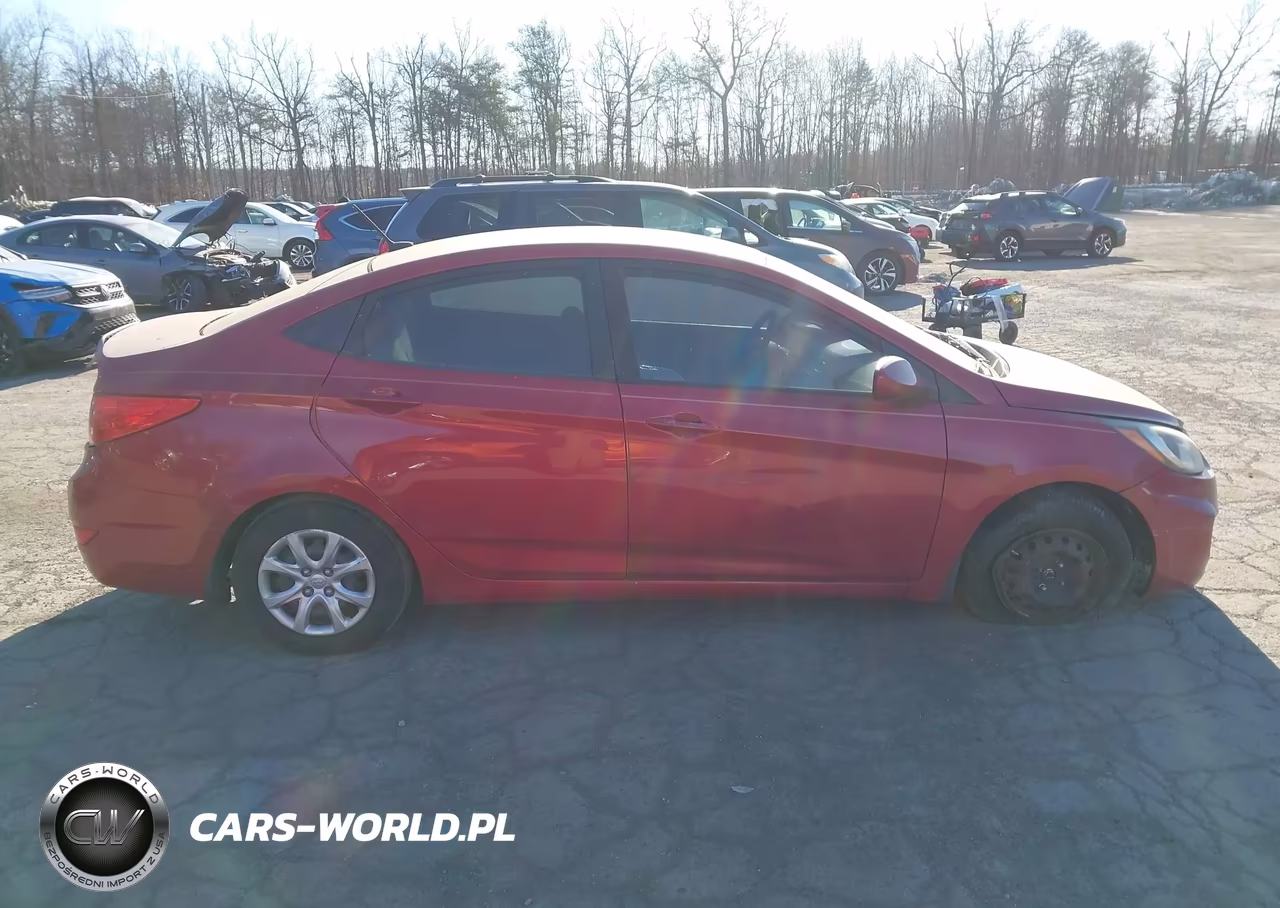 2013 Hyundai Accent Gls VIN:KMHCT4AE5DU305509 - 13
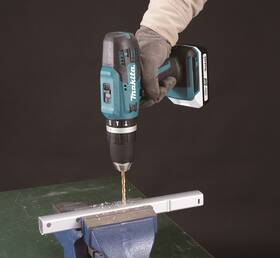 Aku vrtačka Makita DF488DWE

--------------------------------

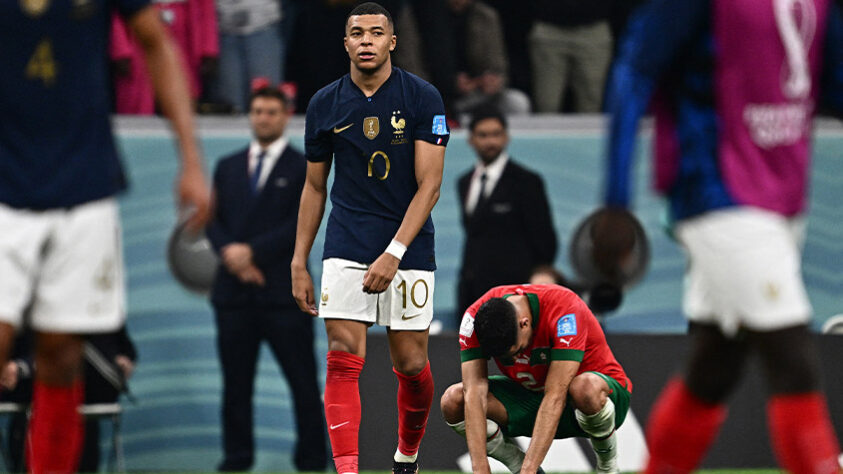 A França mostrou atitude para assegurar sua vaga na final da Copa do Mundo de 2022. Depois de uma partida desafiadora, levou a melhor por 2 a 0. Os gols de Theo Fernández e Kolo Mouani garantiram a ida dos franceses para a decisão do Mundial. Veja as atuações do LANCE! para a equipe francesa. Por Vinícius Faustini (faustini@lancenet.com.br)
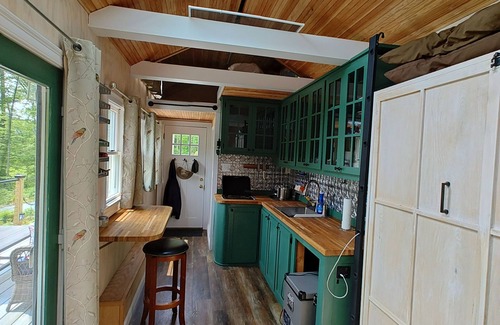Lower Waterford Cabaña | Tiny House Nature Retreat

--------------------------------

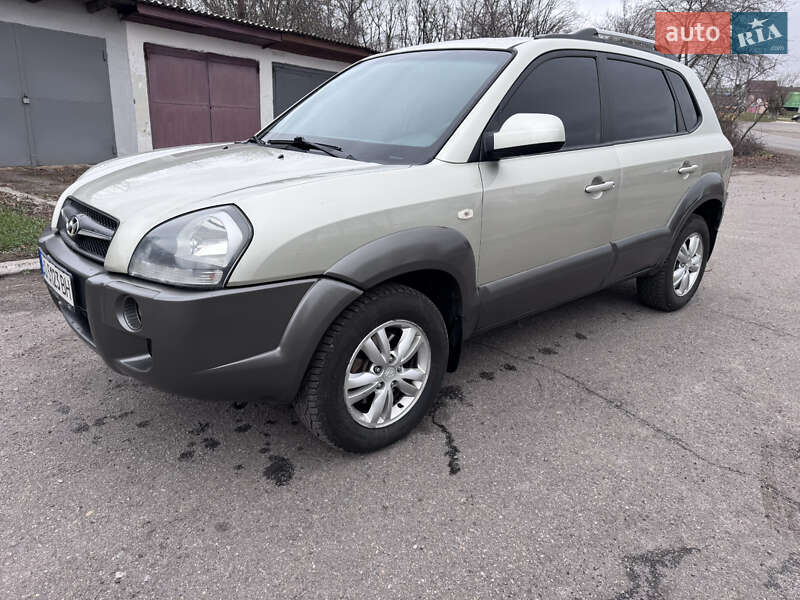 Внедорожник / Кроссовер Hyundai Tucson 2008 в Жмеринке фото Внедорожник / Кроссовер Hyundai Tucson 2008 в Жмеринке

--------------------------------

Exercise directions :: For this exercise, transcribe exactly the part of the records above that opens with the line containing "A França mostrou" and closes with the one containing "Lower Waterford Cabaña". Pictures are not part of the copy.

Task response ::
 A França mostrou atitude para assegurar sua vaga na final da Copa do Mundo de 2022. Depois de uma partida desafiadora, levou a melhor por 2 a 0. Os gols de Theo Fernández e Kolo Mouani garantiram a ida dos franceses para a decisão do Mundial. Veja as atuações do LANCE! para a equipe francesa. Por Vinícius Faustini (faustini@lancenet.com.br)
Lower Waterford Cabaña | Tiny House Nature Retreat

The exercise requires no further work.